High Desert Test Sites has been curating site-specific art since 2002, and in the Coachella Valley, last year’s Desert X was an instant hit among locals and visitors. Art like this wants to connect with people and place. They want you off your couch, exploring the desert, and discovering different ways to look and see.
Land and sky frame a selection of artworks in The Magic Hour, a series of six-week exhibitions on their jackrabbit homestead property on a mesa in Twentynine Palms. L.A.-based artists Alice Wang and Ben Tong erected a modular metal bar structure that holds artworks on the landscape. The first exhibition, No. 1, continues through April 22 and features paintings, sculpture, and textile works by Gracie Devito, Patricia Fernandez, Anne Guro Larsmon, Shana Lutker, and Sarah Rara. Visit from sunrise to sunset seven days a week.
PHOTOGRAPH BY STEVEN BILLER
Most of the artwork created for the third Bombay Beach Biennale — whose tongue-in-cheek title pokes fun at elite art biennials around the world — was removed after the three-day event in March. But there’s still plenty to see, including The Bombay Beach Drive-In, The Hermitage Museum (go to Ski Inn to request a tour), and Angler Grove, which artist Randy Polumbo describes as “a psychedelic human terrarium in the bones of a dilapidated bachelor pad.”
PHOTOGRAPH BY TAO RUSPOLI
Bombay Beach street activity includes musical performances.
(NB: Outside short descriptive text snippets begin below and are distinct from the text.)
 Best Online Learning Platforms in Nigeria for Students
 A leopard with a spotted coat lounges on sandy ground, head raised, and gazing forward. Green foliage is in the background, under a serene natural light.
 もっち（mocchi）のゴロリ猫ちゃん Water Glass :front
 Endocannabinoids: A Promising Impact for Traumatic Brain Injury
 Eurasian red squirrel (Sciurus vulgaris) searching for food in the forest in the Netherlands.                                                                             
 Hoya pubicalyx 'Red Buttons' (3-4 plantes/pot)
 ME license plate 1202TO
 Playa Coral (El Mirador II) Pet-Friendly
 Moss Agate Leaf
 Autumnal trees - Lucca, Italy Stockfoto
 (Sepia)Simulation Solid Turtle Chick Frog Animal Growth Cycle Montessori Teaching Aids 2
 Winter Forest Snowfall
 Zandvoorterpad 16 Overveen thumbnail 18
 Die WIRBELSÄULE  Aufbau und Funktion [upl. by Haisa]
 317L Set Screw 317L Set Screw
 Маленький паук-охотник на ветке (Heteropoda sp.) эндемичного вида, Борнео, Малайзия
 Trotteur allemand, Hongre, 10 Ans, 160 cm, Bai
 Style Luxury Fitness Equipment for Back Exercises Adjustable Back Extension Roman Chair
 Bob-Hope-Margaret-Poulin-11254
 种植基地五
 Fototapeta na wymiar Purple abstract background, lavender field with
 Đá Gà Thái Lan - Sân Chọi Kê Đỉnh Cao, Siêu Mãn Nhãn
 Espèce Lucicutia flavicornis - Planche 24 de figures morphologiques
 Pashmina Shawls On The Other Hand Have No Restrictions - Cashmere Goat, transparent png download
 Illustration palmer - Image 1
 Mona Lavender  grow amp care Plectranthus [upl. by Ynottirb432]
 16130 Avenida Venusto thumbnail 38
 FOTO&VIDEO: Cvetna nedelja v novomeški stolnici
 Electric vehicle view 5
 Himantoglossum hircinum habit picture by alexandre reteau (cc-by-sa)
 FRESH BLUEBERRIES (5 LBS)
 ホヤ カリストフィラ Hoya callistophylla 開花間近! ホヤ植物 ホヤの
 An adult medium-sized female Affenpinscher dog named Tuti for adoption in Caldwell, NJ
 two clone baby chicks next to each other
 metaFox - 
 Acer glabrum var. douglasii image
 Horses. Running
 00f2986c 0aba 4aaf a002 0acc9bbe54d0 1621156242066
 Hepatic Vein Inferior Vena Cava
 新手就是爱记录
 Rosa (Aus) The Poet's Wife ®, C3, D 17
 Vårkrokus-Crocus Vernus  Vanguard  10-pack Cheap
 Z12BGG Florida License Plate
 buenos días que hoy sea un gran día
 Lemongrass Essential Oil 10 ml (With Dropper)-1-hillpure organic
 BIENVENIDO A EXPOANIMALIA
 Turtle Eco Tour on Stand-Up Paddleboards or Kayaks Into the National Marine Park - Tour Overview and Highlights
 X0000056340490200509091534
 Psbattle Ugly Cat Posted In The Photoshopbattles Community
The event featured performances at the Bombay Beach Opera House (another permanent installation), as well as concerts, lectures, and film screenings. But organizers want the artwork to bring year-round attention to the Salton Sea and transform this 600-acre town — the lowest in the U.S., at 223 feet below sea level — into a cultural destination.
The wave of site-specific installations continues with the April 7 opening of Available to All in Joshua Tree. Organized by Rough Play Projects, a spinoff of a L.A. collective, the exhibition was conceived on the idea of a lighthouse, a beacon of hope amid a political fight over the proposed wall on the U.S.-Mexico border. Five artists — Adam Berg, Kellan Barnebey King, Chris Sanchez (a.k.a. Kas Infinite), Aili Schmeltz, and Stefanie Schneider — have created individual works on a raw plot of land owned by Rough Play cofounder Elizabeth Tinglof. A sixth artist, Sarah Vanderlip of L.A., will add an installation to the site for an Earth Day event April 22 with Mojave Desert Land Trust. Available to All is located at 60461 Chollita Ave. in Joshua Tree.